# persistant BBA



## aaronnorth (28 Aug 2008)

Hi, i have a bit of BBA on the tips of my windelov fern, i know it is usually CO2 related but i have pressurized CO2, and i overdose excel by 3x daily (for the last wek). And still it remains. all the rest of it has gone. 

Thanks


----------



## Ed Seeley (28 Aug 2008)

Are you sure it's BBA and not the start of the roots of adventitious plantlets that form near the tips of JF leaves?

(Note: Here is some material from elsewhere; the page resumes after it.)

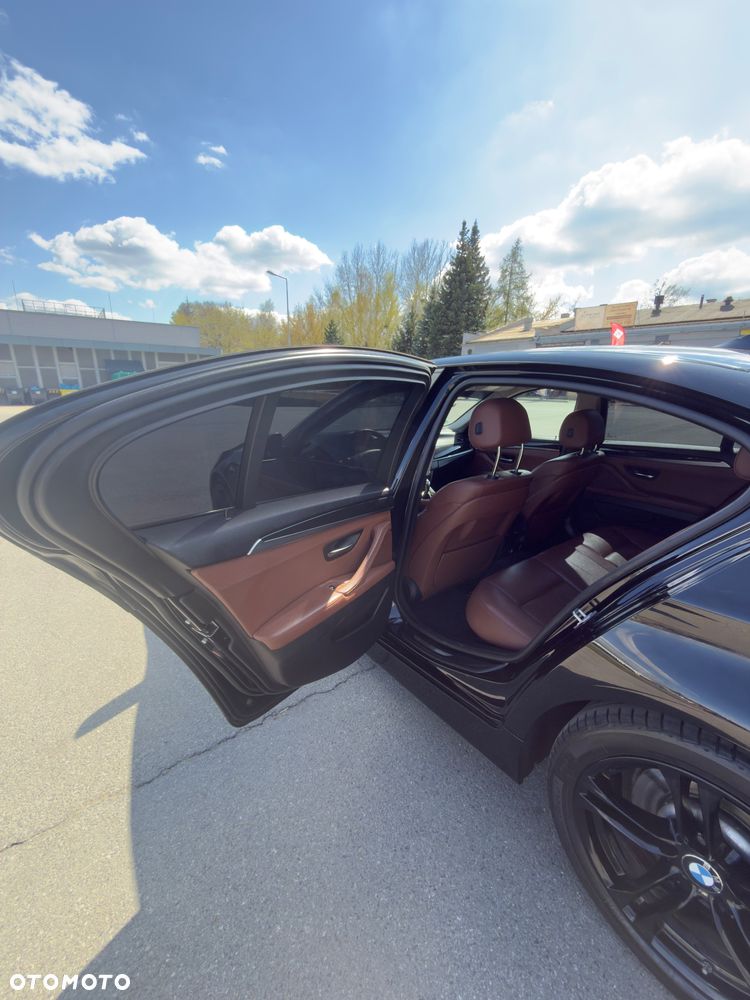 BMW Seria 5 520d - 9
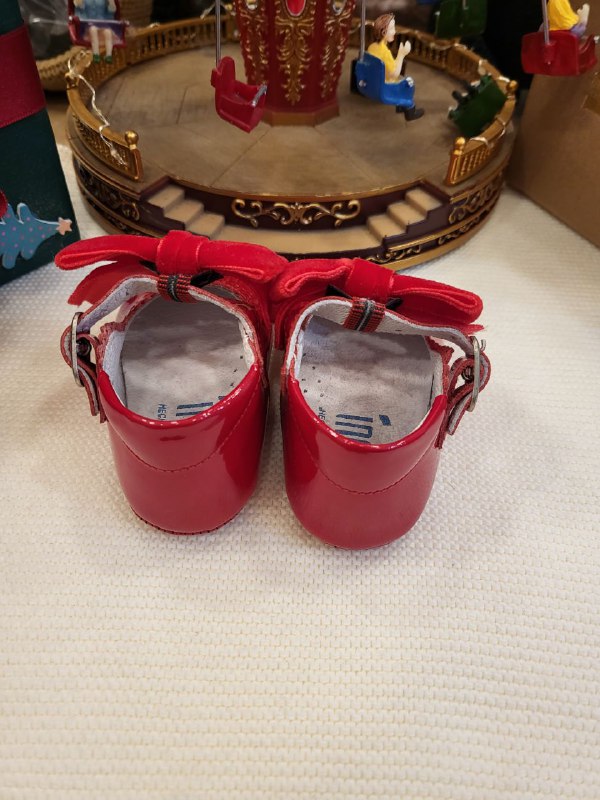 SCARPA ROSSA LUCIDA CON FIOCCO INDICE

If it is BBA then I'd remove those leaves.  Have you tried spot treating the BBA too?  Take your daily dose of Excel and squirt it onto the algae.  This will usually kill off even the most stubborn BBA.


----------



## aaronnorth (28 Aug 2008)

yes i'm sure, they are forming on the front of the leaf too! I will try spot treating it, how long do i leave the excel on for before putting it back in the tank?


----------



## Ed Seeley (28 Aug 2008)

I just used to take the day's dose in a pipette or syringe, turn off the filter so the water wasn't moving too much and then gently squirt the excel onto the algae under water.  A day or so later it'd bleach and then the Otos would eat it.  Be careful putting too much Excel straight onto JF leaves, especially out of the water; some of my leaves died and got big holes in them!


----------



## aaronnorth (28 Aug 2008)

Ed Seeley said:
			
		

> I just used to take the day's dose in a pipette or syringe, turn off the filter so the water wasn't moving too much and then gently squirt the excel onto the algae under water.  A day or so later it'd bleach and then the Otos would eat it.  Be careful putting too much Excel straight onto JF leaves, especially out of the water; some of my leaves died and got big holes in them!



wow, pretty strong stuff then! Do you turn the filter back on straight away after squirting the dose?


----------



## Ed Seeley (28 Aug 2008)

Yeah.  I always added the dose just after water changes and cleaning the filter and then would leave it a couple of minutes and then turn it back on when thewater was topped all the way back up.


----------



## aaronnorth (28 Aug 2008)

Ed Seeley said:
			
		

> Yeah.  I always added the dose just after water changes and cleaning the filter and then would leave it a couple of minutes and then turn it back on when thewater was topped all the way back up.




thanks, i will give it a try


----------